A Flood of Blessings

This late winter of 2019 the Mid-South is experiencing extensive flooding. In some areas it has been a couple of decades since water was this high.  In other areas, the more recent 2011 flooding is plainly recalled plainly by residents and farmers. Many of you know I’m a weather watcher.  OK, weather geek.  So I might listen to NOAA weather radio a little more than the average person.  There is a litany of flood reports, watches, and warnings these days.  Occasionally you will hear the phrase “unprotected farm land is flooded.”  

It occurs to me that we only associate negative things with flooding, yet the existence of our agricultural economy has the recurring flooding of Ol' Man River and his tributaries to thank.  The deep, alluvial soil that willingly hosts the crop a farmer seeds into it is a result of these cyclical floods.  Don’t get me wrong - I keenly understand the impact on those whose homes, businesses and farms are impacted by floodwater, and on those who are unable to travel or work. But that same flooding is tied to the success of the region.  

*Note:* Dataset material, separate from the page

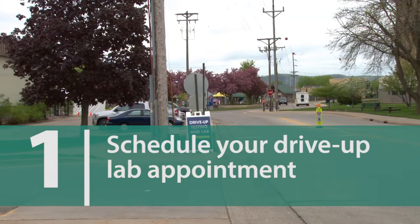One of the questions we get is how does the drive-up lab work? It's really pretty easy. You can either call our lab scheduling folks or your primary care clinic, and they can schedule you for an appointment in our drive-up lab.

Since the Mid-South was “discovered by Europeans” there are two major natural forces that have shaped it:  earthquakes and flooding.  More on the 1811-12 earthquakes another time.  The region has a love hate relationship with flooding and flood control.  In the first third of the twentieth century, including 1912, 1913, and 1927 serious floods made it obvious that a growing population could not permanently settle this region without somehow managing flood waters.

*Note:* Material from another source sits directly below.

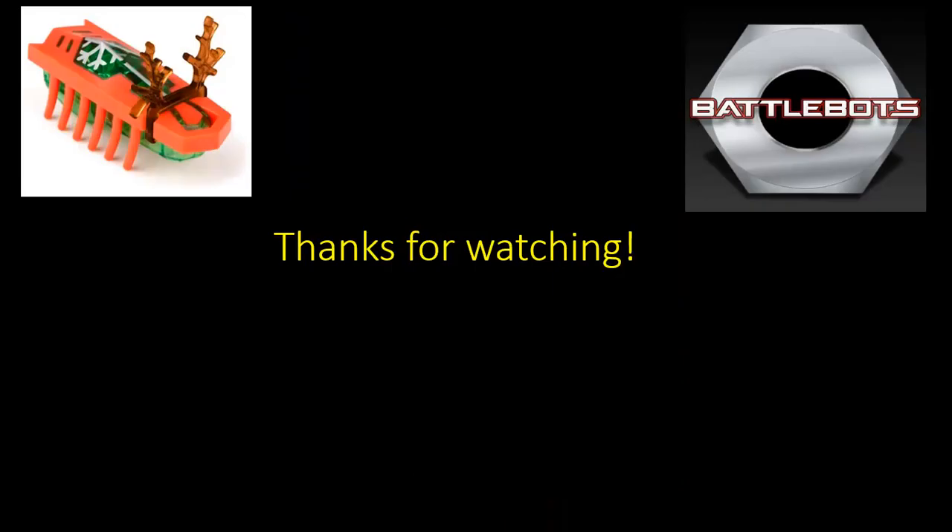Thank you very much for watching. Please watch BattleBots 2019 — please, please, please. Remember to like and subscribe. What were your opinions? Which robots do you think should have been on this list instead of the five that I picked? Because I have a weird taste in art. Thank you very much for watching.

A scene from Marked Tree, Arkansas in 1912/13, looking southeast.
 The former Frisco RR line is just to the right of the photo. From the collection of my
grandmother, Nola Ashby Fleming
Thus, in the 1930s, the Corps of Engineers began to build levees, locks, dams, and other flood control structures designed to manage flood waters and protect homes, businesses, and farms from the worst of the flooding.  Note: In this blog in January I posted a review of two excellent books on the subject of the Mississippi River and flood control, which I commend to you now as excellent resources. 

Gradually, most of the flooding was brought under control, but occasionally (such as 1973 and 2011) things still get out of hand.  Flood control structures are often a two edged sword: pumping stations designed to prevent backwater flooding on tributaries also limit the ability of fish to travel up and down those streams.  As a result, many larger fish no longer inhabit the smaller tributaries.   In the time of logging in the region, late 1800s, rafts of logs and the occasional steamboat plied the White River and the St Francis River. While few tributaries are navigable anymore there are still reminders of those days in the form of high-peaked bridges or lock and dam combinations. More exotic structures, such as the siphons near Marked Tree, Arkansas remain in place to assist in controlling flooding, as they alter the waters of the St Francis and the streams that contribute to its flow.